Urban youth bulges in sub-Saharan Africa

Population age composition is recognized as determining numerous aspects of society – from fertility rates to pension policies. One type of population age structure, a youth bulge, has its own particular effects. A youth bulge generally refers to a population with a high proportion of 15-24 year olds. A positive effect of a youth bulge is having fewer dependent children and elderly people in the population, as compared with the working population. This allows for economic growth through boosted productivity and savings. Thus, a high proportion of young adults in the population can contribute to a demographic dividend, under the right socio-political and economic conditions. These conditions include opportunities for schooling, job availability and accessible health care. Without such conditions, a youth bulge may have negative effects, and even lead to conflict. While youth bulges are not direct causes of conflict, they can interact with other conditions, such as high unemployment, or a mal-distribution of resources, and contribute to a higher risk of conflict, including civil war.

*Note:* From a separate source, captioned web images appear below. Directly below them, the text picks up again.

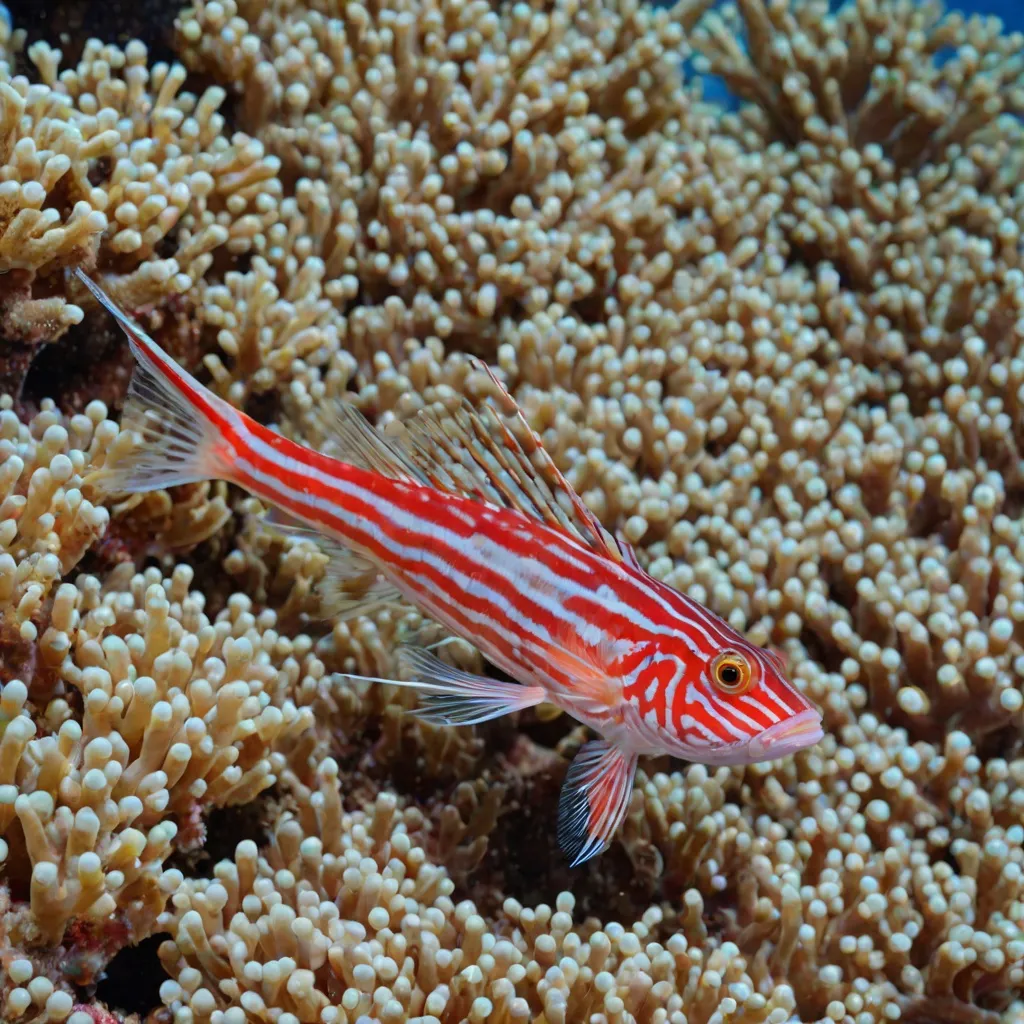 Długonos czerwonopłetwy – charakterystyka majestatycznego łowcy w akwarium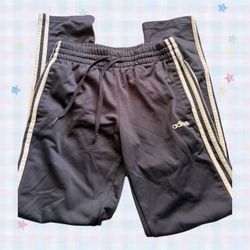 Adidas navy blue sweatpants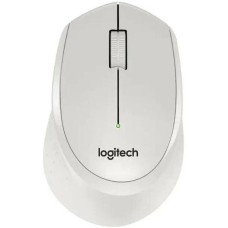 LOGITECH Мышь M330 Silent Plus белый оптическая 1000dpi silent беспров. USB 2but (910-004926)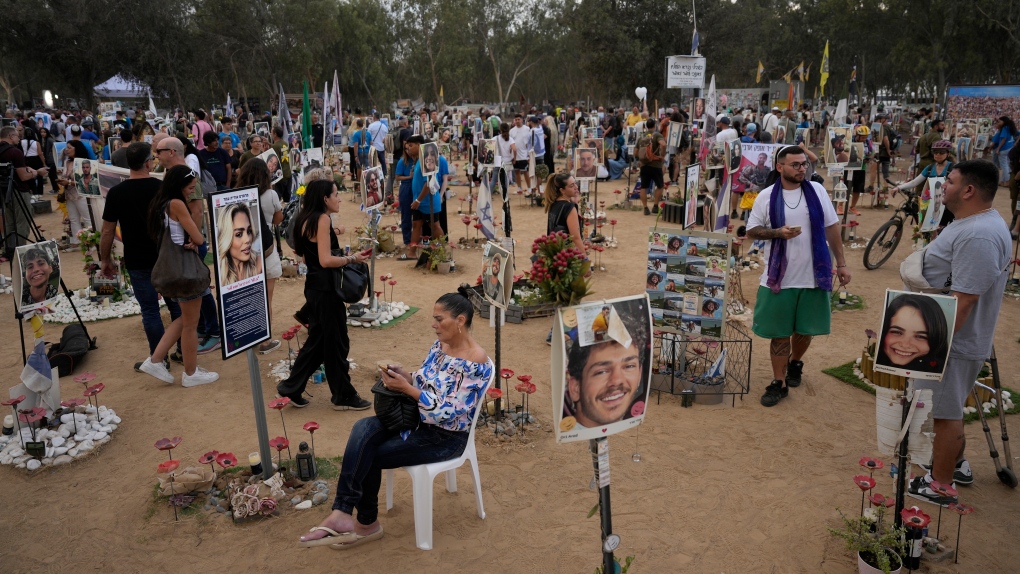 Israel news: Hamas militants in Gaza fire rockets marking Oct. 7 attack [Video]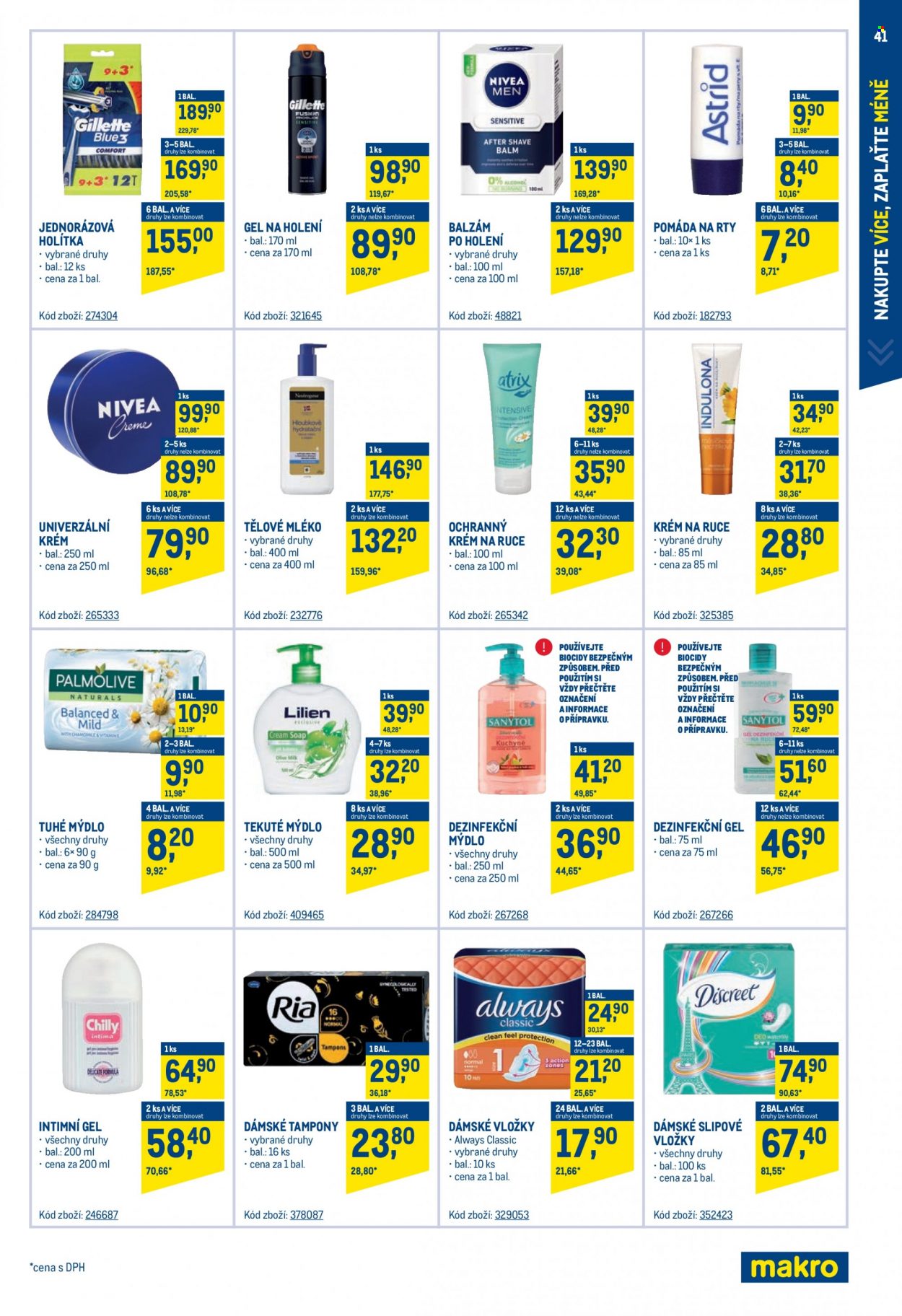 Leták MAKRO - 2.3.2022 - 29.3.2022. Strana 41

Most often the youth bulge is examined from a national perspective, but a rural/urban perspective provides important insights. In general, rural populations are younger than urban populations in sub-Saharan Africa, largely due to higher fertility. Yet, as seen in Figure 1, where four countries’ age structures are depicted, there is also considerable heterogeneity between countries. Angola and Senegal have the same level of urbanisation with 43% of population living in the urban sector in 2015, but their rural and urban age structures differ, most likely a consequence of a stalled fertility transition in Angola resulting in high levels of urban total fertility and similar age structures in both sectors. Ethiopia has a narrower ‘base’ (i.e. a smaller proportion of children) in its urban pyramid (like Senegal), typical of a population where fertility and mortality have declined, and the potential for a demographic dividend is high. Yet, because the proportion of the population living in the urban sector in Ethiopia is low, at around 20%, such a dividend may be weak. Economic growth from the urban sector could be boosted by higher rural-to-urban migration of young adults (though this could also work in the other direction – economic growth could stimulate more rural-to-urban migration). Indeed, migration seems to at least partially contribute to the urban age structure seen in Zimbabwe where nearly 40% of the male urban population is between ages 20-34.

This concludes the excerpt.